• What you are asked to do: Output each entry verbatim. Leave the images out.

• Task material:
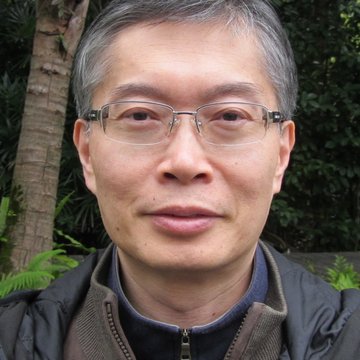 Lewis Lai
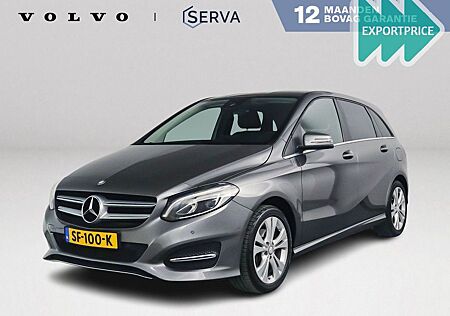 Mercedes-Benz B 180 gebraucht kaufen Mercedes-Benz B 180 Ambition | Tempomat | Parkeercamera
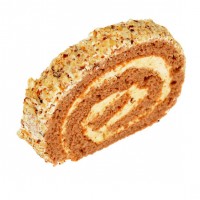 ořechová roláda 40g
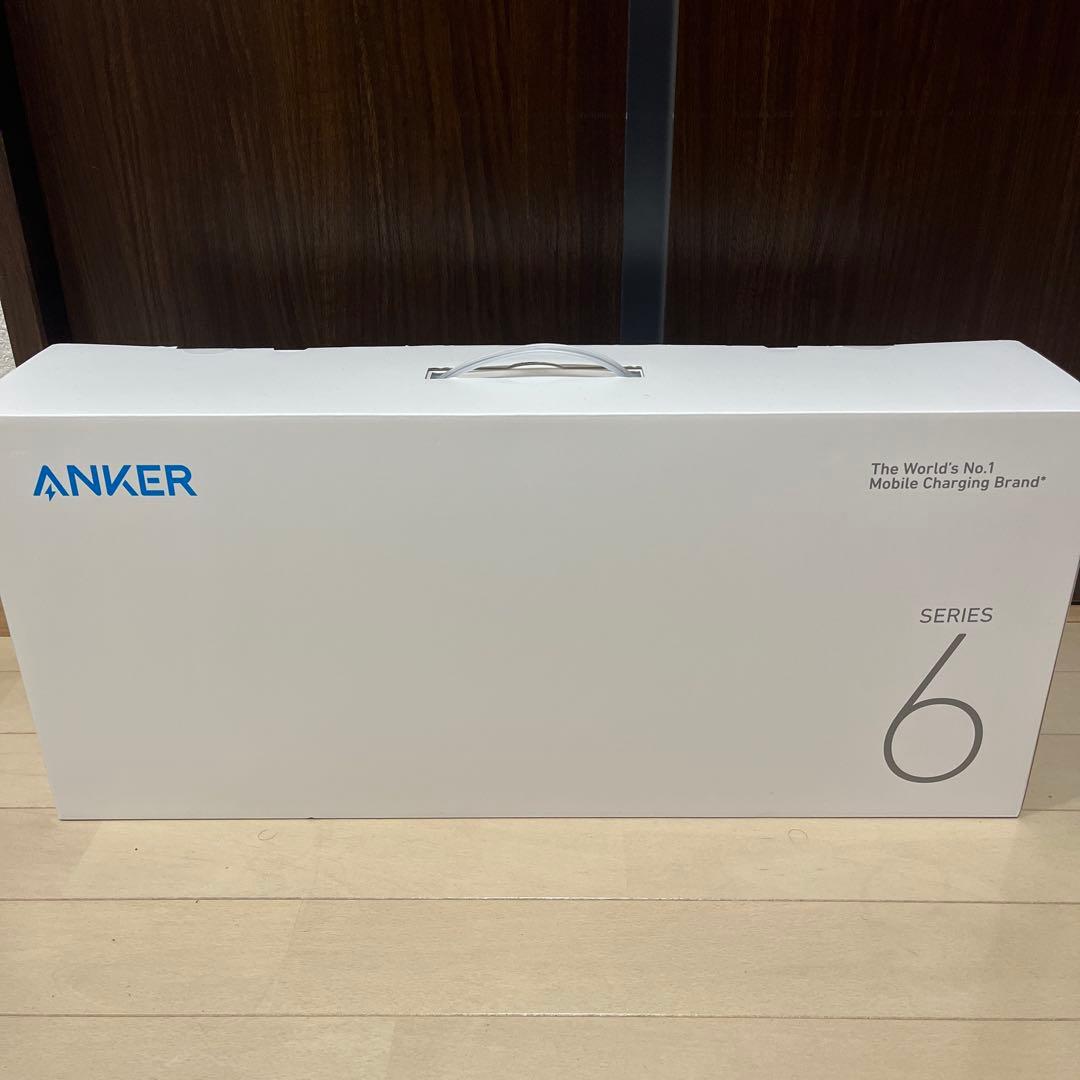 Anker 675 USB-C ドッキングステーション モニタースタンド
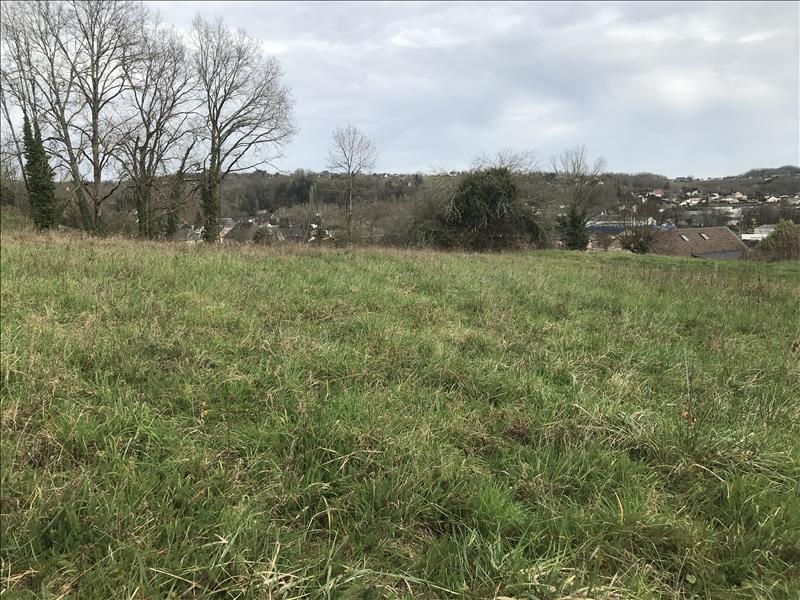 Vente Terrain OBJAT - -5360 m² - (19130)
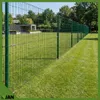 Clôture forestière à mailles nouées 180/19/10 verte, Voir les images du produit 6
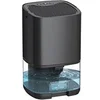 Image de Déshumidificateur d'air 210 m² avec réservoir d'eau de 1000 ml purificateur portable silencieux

• Output for this task:
 Lewis Lai
 Mercedes-Benz B 180 gebraucht kaufen Mercedes-Benz B 180 Ambition | Tempomat | Parkeercamera
 ořechová roláda 40g
 Anker 675 USB-C ドッキングステーション モニタースタンド
 Vente Terrain OBJAT - -5360 m² - (19130)
 Clôture forestière à mailles nouées 180/19/10 verte, Voir les images du produit 6
 Image de Déshumidificateur d'air 210 m² avec réservoir d'eau de 1000 ml purificateur portable silencieux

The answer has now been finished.